What is needed is a faithful copy of all the entries, with no pictures in it.

[Supplied data — start]

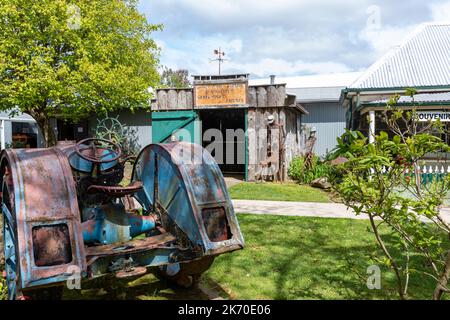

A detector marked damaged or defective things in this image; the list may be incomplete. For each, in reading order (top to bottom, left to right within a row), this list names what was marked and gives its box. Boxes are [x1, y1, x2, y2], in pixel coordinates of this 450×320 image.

rusty old tractor [0, 139, 244, 298]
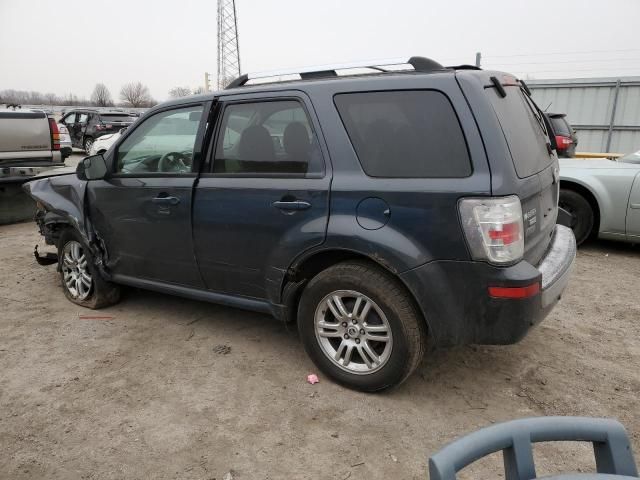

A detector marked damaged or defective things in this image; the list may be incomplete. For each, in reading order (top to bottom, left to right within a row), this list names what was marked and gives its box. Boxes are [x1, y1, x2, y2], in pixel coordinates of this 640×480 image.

wrecked vehicle [23, 58, 576, 392]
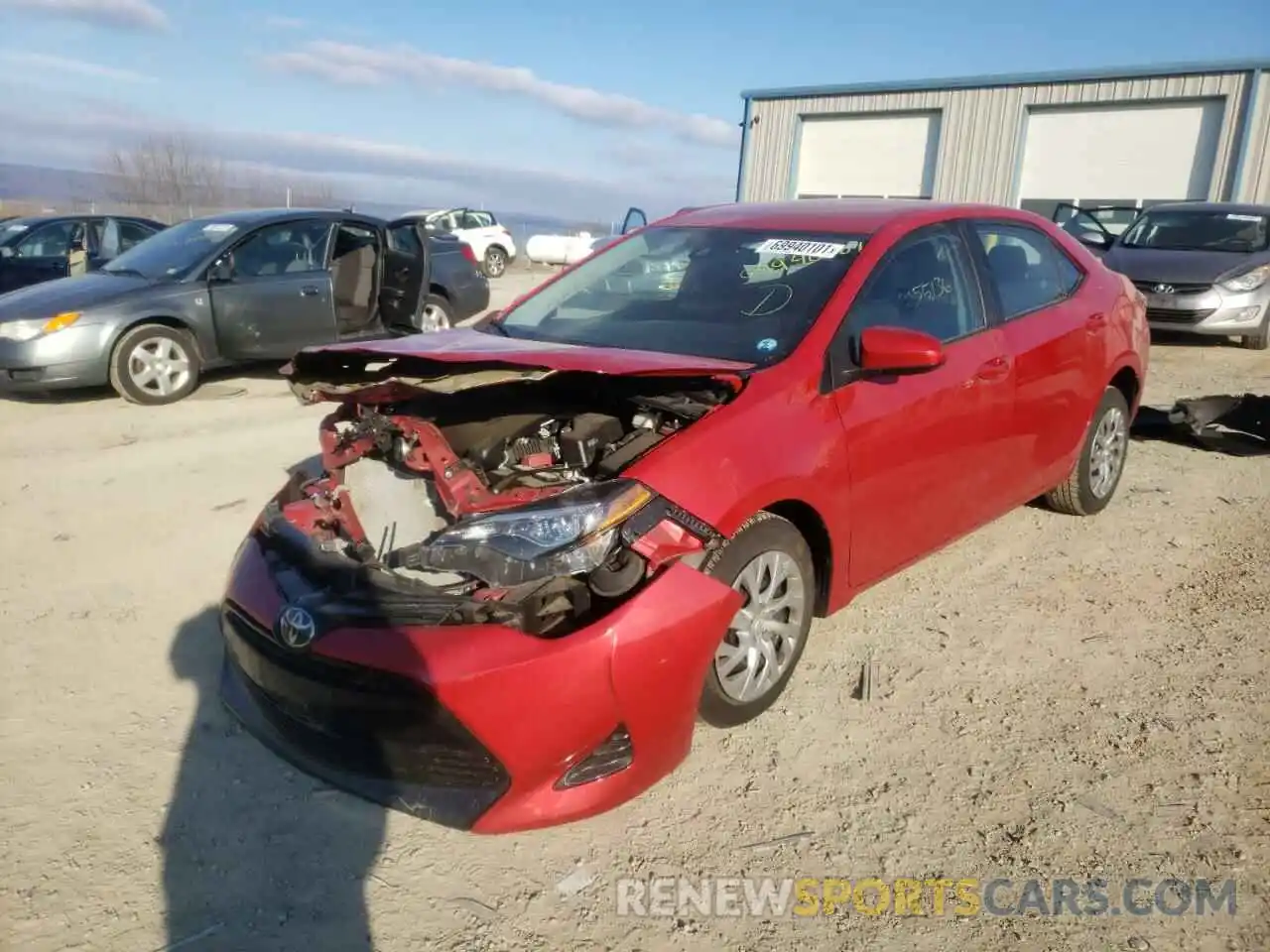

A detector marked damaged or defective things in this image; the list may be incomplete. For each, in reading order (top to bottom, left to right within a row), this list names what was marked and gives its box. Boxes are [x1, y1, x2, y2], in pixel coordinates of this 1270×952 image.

crumpled hood [0, 272, 151, 319]
crumpled hood [1103, 244, 1270, 284]
crumpled hood [282, 329, 754, 403]
broken headlight [417, 480, 655, 583]
damaged red toyota corolla [216, 200, 1151, 833]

[Supplied data — finish]

Answer to the exercise>
A detector marked damaged or defective things in this image; the list may be incomplete. For each, in reading order (top to bottom, left to right within a row), this list names what was marked and gives its box. Boxes are [x1, y1, x2, y2], in pixel coordinates of this 450×320 image.

rusty old tractor [0, 139, 244, 298]

A detector marked damaged or defective things in this image; the list may be incomplete. For each, in reading order (top to bottom, left to right within a row), this list names what was marked and gives its box. Boxes are [x1, y1, x2, y2], in pixel coordinates of this 640×480 image.

wrecked vehicle [23, 58, 576, 392]

A detector marked damaged or defective things in this image; the list may be incomplete. For each, in reading order (top to bottom, left to right within a row), this list names what was marked and gives its box. Boxes are [x1, y1, x2, y2], in pixel coordinates of this 1270×952 image.

crumpled hood [0, 272, 151, 319]
crumpled hood [1103, 244, 1270, 284]
crumpled hood [282, 329, 754, 403]
broken headlight [417, 480, 655, 583]
damaged red toyota corolla [216, 200, 1151, 833]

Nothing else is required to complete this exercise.